Given how much time has passed, it would be understandable for some investors to wonder if it would have made more sense for Microsoft to not allow enough changes to be made in order for the deal to go through. After all, the video game space has not faced a very pleasant time over the past year or so. In 2022, for instance, global gaming revenue fell by roughly 5%. This year, the space is expected to grow by about 2.6%. But that is being driven largely by a 7.4% rise in console sales, which is something that Microsoft benefits directly from, but that does nothing for Activision Blizzard.
The good news for those who are fans of this transaction is that, despite some weakness in the video game market, Activision Blizzard has seen some really attractive results so far in 2023. Revenue in the first half of the year, for instance, came in at $4.59 billion. That’s a 34.5% surge over the $3.41 billion reported one year earlier. The biggest chunk of this increase came not from mobile as some might expect. Rather, it came from a $543 million increase, translating to a year-over-year rise of 75.8%, in revenue associated with PCs. Higher sales from Call of Duty: Modern Warfare II compared to the weaker performance of Call of Duty: Vanguard the year prior, as well as from both Overwatch and Diablo IV, helped the company tremendously. In addition, revenue increased year over year when it came to World of Warcraft.

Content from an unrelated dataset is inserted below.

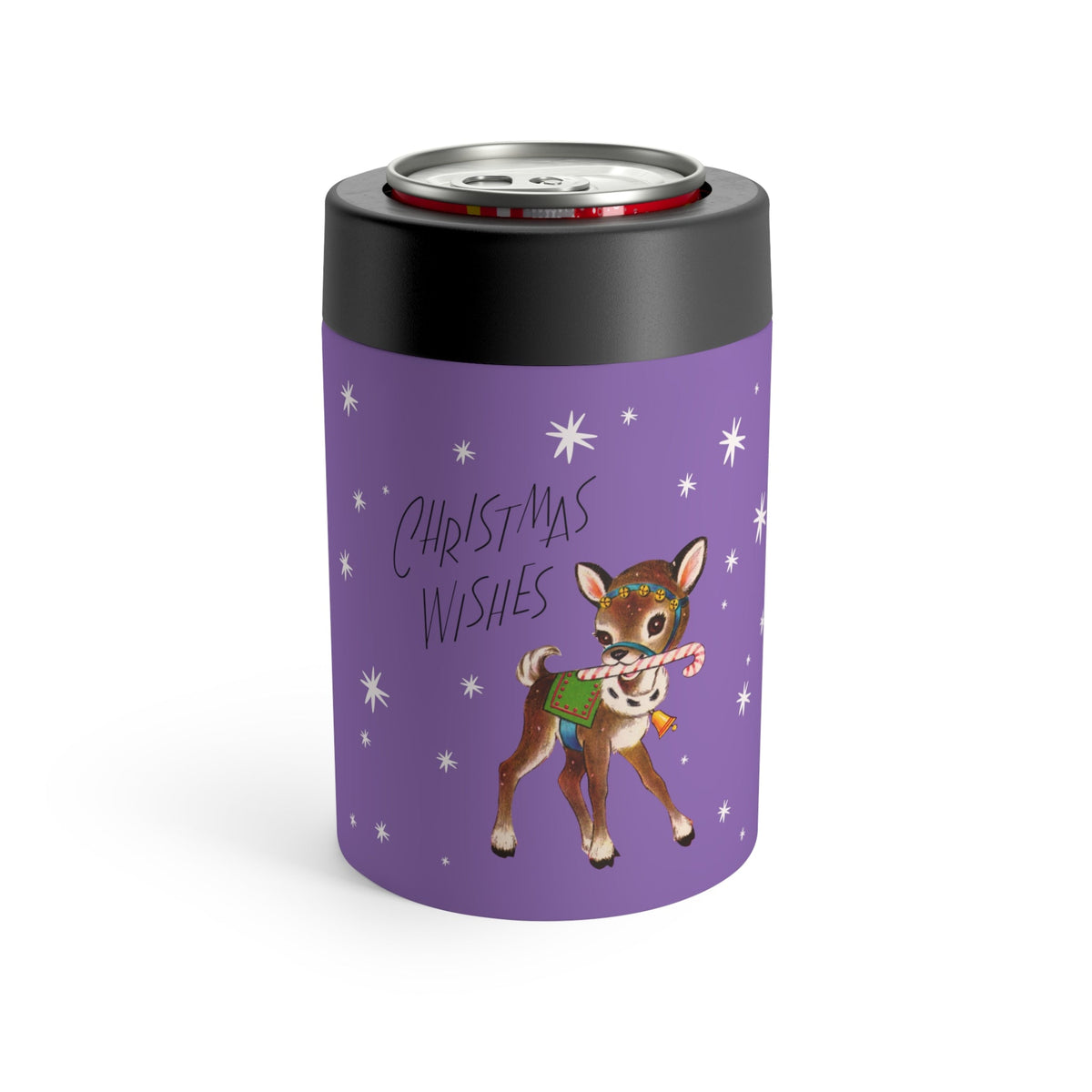 Christmas Wishes Reindeer Stars Purple Mid Century Retro Christmas Print Stainless Steel Can Holder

As expected, almost all of the company’s revenue growth so far this year has come from digital online channels, which consists of digitally distributed downloadable content, microtransactions, subscriptions, licensing royalties, and other factors. This, to me, should not be a surprise. Long gone are the days where the company benefits significantly from retail channels and other lines of business, such as its gaming leagues, are still only a small piece of the overall pie.
The growth in revenue also brought with it higher profits. For instance, net income has nearly doubled from $675 million to $1.33 billion. Operating cash flow grew from $840 million to $1.17 billion, while the adjusted figure for this expanded from $932 million to $1.56 billion. Lastly, EBITDA for Activision Blizzard also grew year over year, climbing from $882 million to $1.44 billion. And to assure you that the performance was not due to a one quarter spike, in the chart below I also provided financial results for each of the two quarters of this year set beside one another and compared to the same two quarters last year.
Based on the data provided, it seems highly likely that the acquisition of Activision Blizzard by Microsoft will be completed. In fact, I would put the probability at over 98%. The CMA has opened a consultation, until October 6, in order to address Microsoft’s proposed remedies that still remain. But assuming that goes well, the transaction will be completed. Now, this does not necessarily mean that investors should buy into Activision Blizzard at this time. Because while the deal almost certainly will be completed, the spread between the current price that shares are trading at and the $95 that they are being acquired for by Microsoft is only about 1.1%. I would make the case that, between now and the time the deal closes, there are certainly better opportunities that can be captured that can generate more appealing upside than that.